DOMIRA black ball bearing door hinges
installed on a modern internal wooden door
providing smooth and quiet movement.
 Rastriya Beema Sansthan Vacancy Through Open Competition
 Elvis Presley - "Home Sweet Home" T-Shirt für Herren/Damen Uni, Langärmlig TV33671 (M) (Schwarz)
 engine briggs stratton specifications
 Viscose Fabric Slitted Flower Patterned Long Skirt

WHAT YOU NEED TO DO –
Look through the entries above. Copy each line in which the string "door" occurs.

COMPLETED TASK –
DOMIRA black ball bearing door hinges
installed on a modern internal wooden door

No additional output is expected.